# What is being asked
When you reach the line with "Erdgeschoßwohnung Simbach - 5" in the listing below, write out that line and every one after it exactly, and skip the pictures.

# Information shown
__________

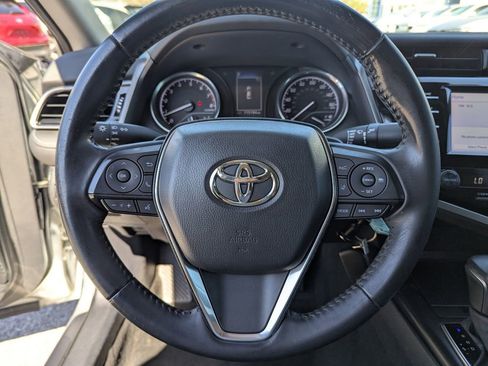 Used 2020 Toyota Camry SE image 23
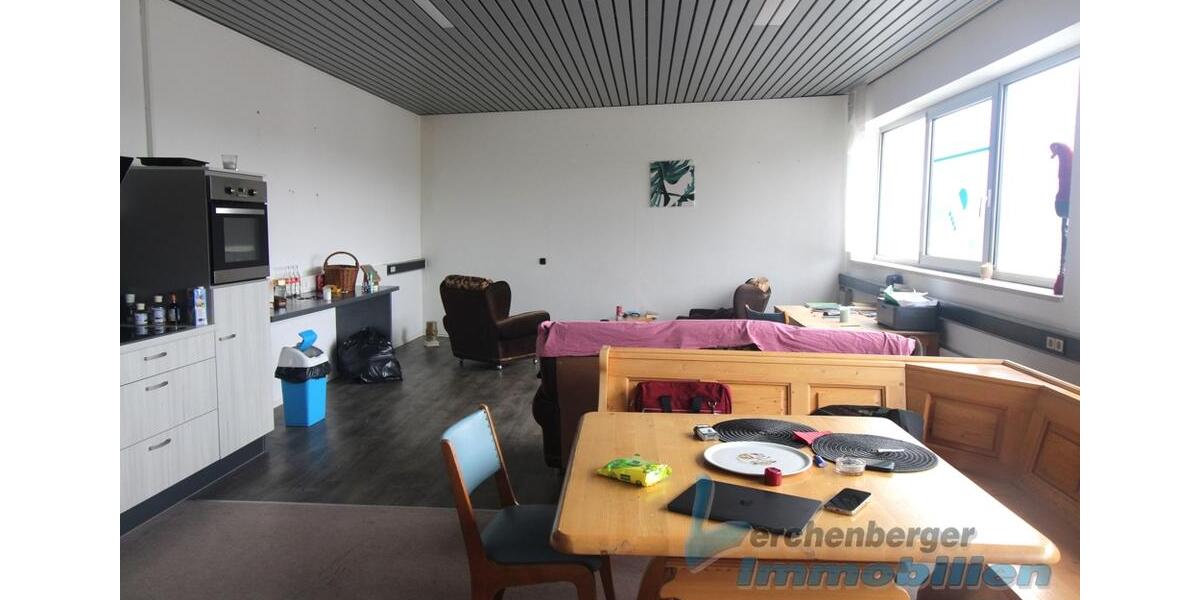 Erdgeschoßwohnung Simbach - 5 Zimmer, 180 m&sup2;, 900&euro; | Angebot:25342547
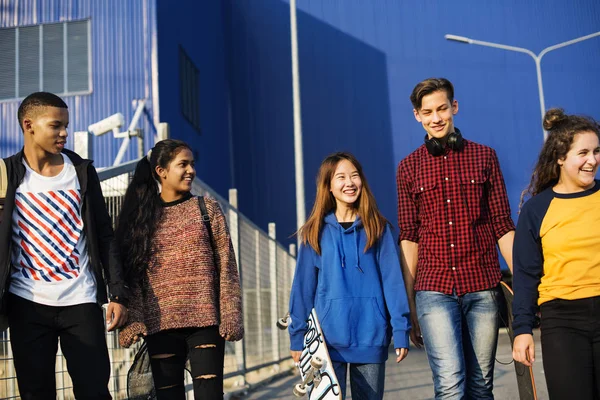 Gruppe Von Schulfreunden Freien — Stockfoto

__________

# Task response
 Erdgeschoßwohnung Simbach - 5 Zimmer, 180 m&sup2;, 900&euro; | Angebot:25342547
 Gruppe Von Schulfreunden Freien — Stockfoto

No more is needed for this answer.